Artaracus wept for an entire day, not leaving the confines of his quarters for any reason. Finally exhausted from the grief of his mourning, Ataracus fell into a deep slumber. In his slumber he envisioned a strange woods materializing around his quarters. Out from the woods stepped a cloaked figure who seemed faceless. The strange figure dropped two items in front of Ataracus and quietly disappeared from whence he came before Artaracus could say a word. The first item was a ghastly necklace that seemed to be constructed from rotting flesh and bones. For some reason Ataracus was drawn to it despite its putrid smell and appearance. He picke dit up and placed it around his neck and felt a presence of darkness touch his very soul. The second item was a map, and upon it seemed to be inscribed all the passages of the very mines which the mountaineer fortification was built upon. He noticed that at the bottom level of the mines on the maps there appeared to be an exit. His thoughts immediately turned to his ill wife and Artaracus awok in a feverish sweat. He proceeded in strewing about his possessions about his quarters gathering his arms and rations in the process. Despite warnings he had heard that fearful creatures lay within the deeps of the mines he slipped off into the depths.

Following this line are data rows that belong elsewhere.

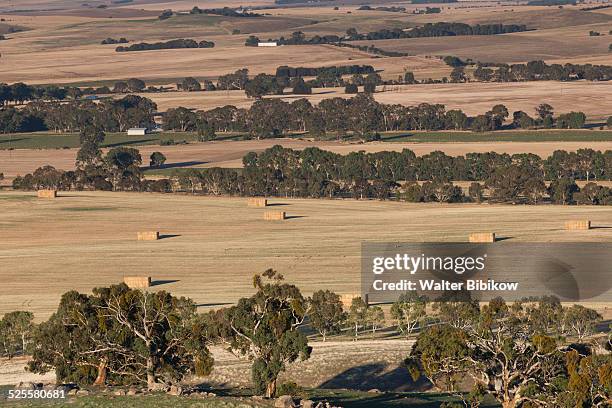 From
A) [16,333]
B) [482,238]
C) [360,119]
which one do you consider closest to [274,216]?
[482,238]

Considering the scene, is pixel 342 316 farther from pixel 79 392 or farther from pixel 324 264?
pixel 79 392

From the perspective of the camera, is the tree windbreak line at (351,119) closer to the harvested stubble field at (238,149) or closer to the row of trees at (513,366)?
the harvested stubble field at (238,149)

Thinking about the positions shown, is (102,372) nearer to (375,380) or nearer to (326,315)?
(375,380)

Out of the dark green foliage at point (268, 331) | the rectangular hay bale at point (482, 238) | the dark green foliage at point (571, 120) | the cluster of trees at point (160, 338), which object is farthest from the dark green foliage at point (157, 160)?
the dark green foliage at point (268, 331)

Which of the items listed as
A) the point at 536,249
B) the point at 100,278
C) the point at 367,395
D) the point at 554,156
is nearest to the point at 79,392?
the point at 367,395

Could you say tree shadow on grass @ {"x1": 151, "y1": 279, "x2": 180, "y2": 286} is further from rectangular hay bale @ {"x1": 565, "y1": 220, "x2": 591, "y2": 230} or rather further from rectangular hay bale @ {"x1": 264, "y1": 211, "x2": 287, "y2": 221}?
rectangular hay bale @ {"x1": 565, "y1": 220, "x2": 591, "y2": 230}

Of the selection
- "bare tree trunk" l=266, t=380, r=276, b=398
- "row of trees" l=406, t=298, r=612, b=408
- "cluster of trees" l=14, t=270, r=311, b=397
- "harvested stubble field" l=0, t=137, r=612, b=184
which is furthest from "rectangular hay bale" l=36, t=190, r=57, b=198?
"bare tree trunk" l=266, t=380, r=276, b=398

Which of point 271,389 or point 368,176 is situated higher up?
point 368,176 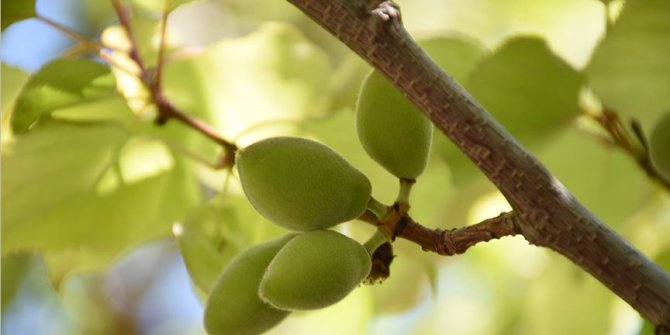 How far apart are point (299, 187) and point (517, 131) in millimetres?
315

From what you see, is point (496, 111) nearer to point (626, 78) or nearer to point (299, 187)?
point (626, 78)

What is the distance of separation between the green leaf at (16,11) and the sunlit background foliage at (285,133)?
2 centimetres

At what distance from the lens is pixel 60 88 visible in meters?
0.75

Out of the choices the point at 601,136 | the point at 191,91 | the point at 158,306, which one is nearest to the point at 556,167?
the point at 601,136

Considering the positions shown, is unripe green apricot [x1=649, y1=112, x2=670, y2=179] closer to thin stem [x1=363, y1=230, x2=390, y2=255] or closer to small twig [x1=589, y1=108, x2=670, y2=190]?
small twig [x1=589, y1=108, x2=670, y2=190]

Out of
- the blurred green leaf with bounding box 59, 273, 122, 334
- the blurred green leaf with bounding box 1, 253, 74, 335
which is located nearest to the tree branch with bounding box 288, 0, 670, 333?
the blurred green leaf with bounding box 1, 253, 74, 335

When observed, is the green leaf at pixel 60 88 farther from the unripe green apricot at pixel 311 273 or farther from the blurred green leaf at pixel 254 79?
the unripe green apricot at pixel 311 273

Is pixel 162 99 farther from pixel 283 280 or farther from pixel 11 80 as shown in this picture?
pixel 283 280

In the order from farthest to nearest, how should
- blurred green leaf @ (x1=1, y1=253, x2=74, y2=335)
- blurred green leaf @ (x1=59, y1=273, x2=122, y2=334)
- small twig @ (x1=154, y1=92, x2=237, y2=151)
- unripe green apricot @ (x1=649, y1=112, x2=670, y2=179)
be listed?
1. blurred green leaf @ (x1=59, y1=273, x2=122, y2=334)
2. blurred green leaf @ (x1=1, y1=253, x2=74, y2=335)
3. small twig @ (x1=154, y1=92, x2=237, y2=151)
4. unripe green apricot @ (x1=649, y1=112, x2=670, y2=179)

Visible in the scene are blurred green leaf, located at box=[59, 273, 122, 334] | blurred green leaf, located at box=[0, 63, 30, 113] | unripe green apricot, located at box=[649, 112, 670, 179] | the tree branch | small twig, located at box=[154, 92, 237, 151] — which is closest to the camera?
the tree branch

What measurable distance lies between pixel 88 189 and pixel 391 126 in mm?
373

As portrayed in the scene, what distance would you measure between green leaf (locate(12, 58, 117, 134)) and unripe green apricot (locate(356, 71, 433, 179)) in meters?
0.26

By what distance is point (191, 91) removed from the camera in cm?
96

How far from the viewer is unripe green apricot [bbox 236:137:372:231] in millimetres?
574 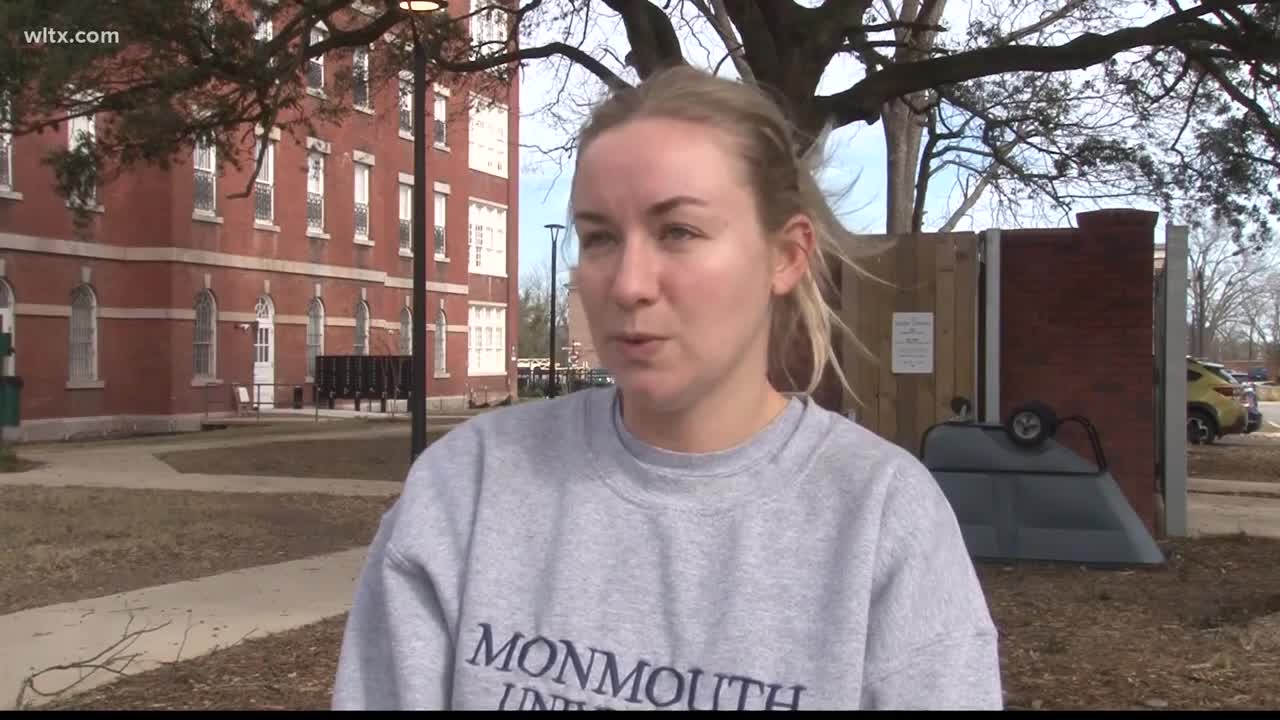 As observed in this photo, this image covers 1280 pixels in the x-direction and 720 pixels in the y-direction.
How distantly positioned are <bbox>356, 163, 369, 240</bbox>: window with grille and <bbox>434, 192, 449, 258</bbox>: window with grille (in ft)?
12.6

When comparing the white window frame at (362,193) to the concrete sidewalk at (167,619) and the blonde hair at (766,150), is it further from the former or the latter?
the blonde hair at (766,150)

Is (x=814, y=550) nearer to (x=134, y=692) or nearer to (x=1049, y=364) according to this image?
(x=134, y=692)

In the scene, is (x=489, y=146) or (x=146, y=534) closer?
(x=146, y=534)

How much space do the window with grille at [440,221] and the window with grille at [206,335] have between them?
399 inches

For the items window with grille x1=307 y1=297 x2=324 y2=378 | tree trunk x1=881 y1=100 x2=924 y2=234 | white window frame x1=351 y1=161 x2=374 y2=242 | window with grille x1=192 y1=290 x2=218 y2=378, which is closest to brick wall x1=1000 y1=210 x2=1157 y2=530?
tree trunk x1=881 y1=100 x2=924 y2=234

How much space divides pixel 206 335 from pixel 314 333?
4124 millimetres

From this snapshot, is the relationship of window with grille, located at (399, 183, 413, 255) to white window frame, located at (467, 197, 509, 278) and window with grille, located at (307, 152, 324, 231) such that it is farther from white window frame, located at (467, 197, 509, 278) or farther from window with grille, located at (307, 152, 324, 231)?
white window frame, located at (467, 197, 509, 278)

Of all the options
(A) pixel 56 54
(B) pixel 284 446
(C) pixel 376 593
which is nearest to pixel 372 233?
(B) pixel 284 446

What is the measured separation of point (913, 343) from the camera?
30.3 ft

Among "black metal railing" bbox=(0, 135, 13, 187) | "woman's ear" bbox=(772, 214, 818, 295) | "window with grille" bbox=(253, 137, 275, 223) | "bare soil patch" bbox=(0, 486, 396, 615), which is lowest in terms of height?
"bare soil patch" bbox=(0, 486, 396, 615)

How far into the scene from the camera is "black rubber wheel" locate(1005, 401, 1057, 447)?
7.66 meters

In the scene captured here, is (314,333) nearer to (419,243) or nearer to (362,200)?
(362,200)

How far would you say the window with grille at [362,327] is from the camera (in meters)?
33.6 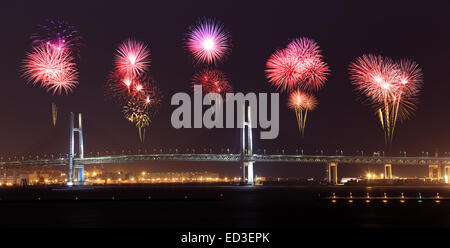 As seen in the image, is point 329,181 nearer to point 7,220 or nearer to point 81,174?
point 81,174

Artaracus traveled deeper and deerper but it appeared to no avail, for the mines seemed only to continue. Suddenly the same cloaked man from his dream stepped out from the darkness beside him. The man once again dropped the rotting necklace in front of Atarcus, but this time he whispered in a barely audible voice. He whispered to Artaracus, "To leave this place you need only to put it on". Artaracus touched the necklace and felt its dark power once again. It seemed to eerily possess him yet Artaracus seemed unable to resist the temptation of leaving the encampment to tend to his sick wife. He slipped the necklace over his head and everything faded to darkness around him. He saw nothing but darkness but could hear the echoes of thoughts in this head. Strangely thought they were not his own thoughts but rather they were the thoughts of others. He could feel the presence of dreams, wishes, fears, and anxieties within his soul. They were not his own but he could sense them as if they were. The cloaked man appeared before Artaracus once again, seeminly floating on the darkness. The man removed the hood of the cloak and Artaracus was startled to see his captain before him. The captain spoke, bidding Artaracus farewell, "I leave you with only the knowledge that you are now the keeper of that accursed necklace until you by force or guile afflict its curse on another". Thus rather than confinement to the mines for one moon, Artaracus suffered a much worse fate. Some say that weary travelers of the Piet dungeon are still visited by a ghastly spririt who carries with him a frightful necklace of flesh and bone.